Major cities worldwide show the way on climate action

Major cities worldwide show the way on climate action

Cities house more than half of the world’s population and are responsible for over 70% of the world’s energy-related carbon emissions, so they could make or break efforts to tackle climate change. A new study has ranked the action of 596 cities’ action to cut emissions and set climate strategies and awarded a top score to 43 cities.

The ranking, known as the ‘A List’ for cities, has been compiled by the environmental consultants CDP* which scored major cities across the world on across the areas of sustainability disclosure, awareness, management and leadership. These factors were measured across CDP’s existing “essential criteria” – namely governance; hazards and adaptation; strategy and water; citywide emissions and local government emissions.

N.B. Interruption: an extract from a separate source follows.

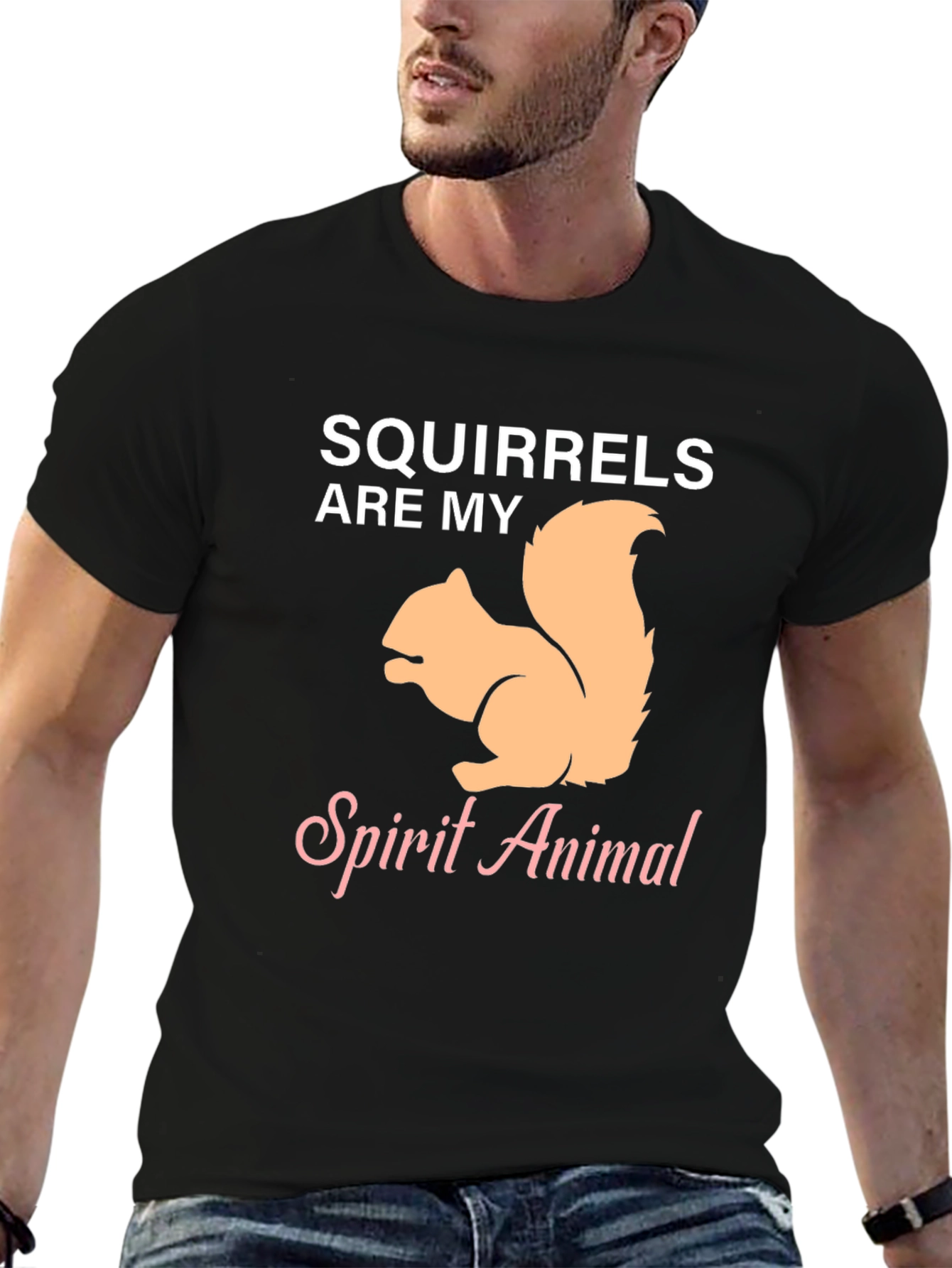 Squirrels Are My Spirit Animal Graphic T-Shirt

14 cities aim to be carbon neutral

Top of the global list for urban climate action are: Barcelona, London, Paris, Cape Town and Hong Kong which received CDP’s top ‘A’ score.

14 cities aim to be climate or carbon neutral by 2050 – including The Hague, Boston and Sydney. Five cities have city-wide 100% renewable energy targets – including Paris, San Francisco and Canberra – and one city (Reykjavík) has reached 100% already.

To receive an “A” grade from CDP, cities were required to demonstrate strong climate adaptation and mitigation strategies and to consistently track emissions. The body factored in the size of the cities, their carbon footprints and their respective susceptibilities to extreme weather events when compiling the rankings.

Other cities need to step up action

While praising those cities which received an “A” grade, CDP has expressed concerns that only a small proportion of cities worldwide are doing enough to manage, measure and tackle greenhouse gas emissions, or to adapt to climate-related risks including water security. “Just 7% of cities who reported to CDP in 2018 received an A. We urge cities worldwide to step up their action, set targets in line with what the latest science says is needed to prevent dangerous climate change, and transparently share their progress,” said   CDP’s Kyra Appleby.

Four cities on CDP’s cities A List (Canberra, Paris, Minneapolis and San Francisco) have a target to have all energy used in the city coming from renewable sources. Reykjavík has already achieved this target. By and large cities are at different stages when it comes to decarbonizing their energy grids. Paris, Minneapolis, and San Francisco source 35%, 24% and 59% of their energy respectively from renewable sources.

Actions being taken by A List cities include:

London: introduced an ultra-low emissions zone on April 8, 2019, this sees drivers with older, more polluting cars paying more to drive in central London in a bid to clean up the city’s air. ·

Calgary: is building a new light rail system aptly named the Green Line, The first stage will be completed in 2026 and is expected cut 30,000 tonnes of CO2e from the city’s traffic emissions every year, the equivalent of taking more than 23,000 cars off the road each year. ·

The Hague: in its seaside resort of Scheveningen, the city has built a new waterfront boulevard. Invisible to the average citizen, a kilometre-long dike can be found beneath the boulevard, offering another layer of protection from coastal flooding. ·

Taipei: tackling drought is a top priority for the city which has fixed 2,200 water leaks saving 613,300 tonnes of water per year since 2015.

Every year, hundreds of cities report their climate data through CDP’s environmental disclosure platform and gain data-driven insights into gaps and opportunities for climate policy-development, resource and risk management and signal projects in need of investment. In doing so they demonstrate ambition, transparency and good governance. This is the first time CDP has released a list of cities awarded an A in a bid to drive up ambition in the face of the growing urgency of the climate challenge.

*CDP is a not-for-profit charity that runs the global disclosure system for investors, companies, cities, states and regions to manage their environmental impacts.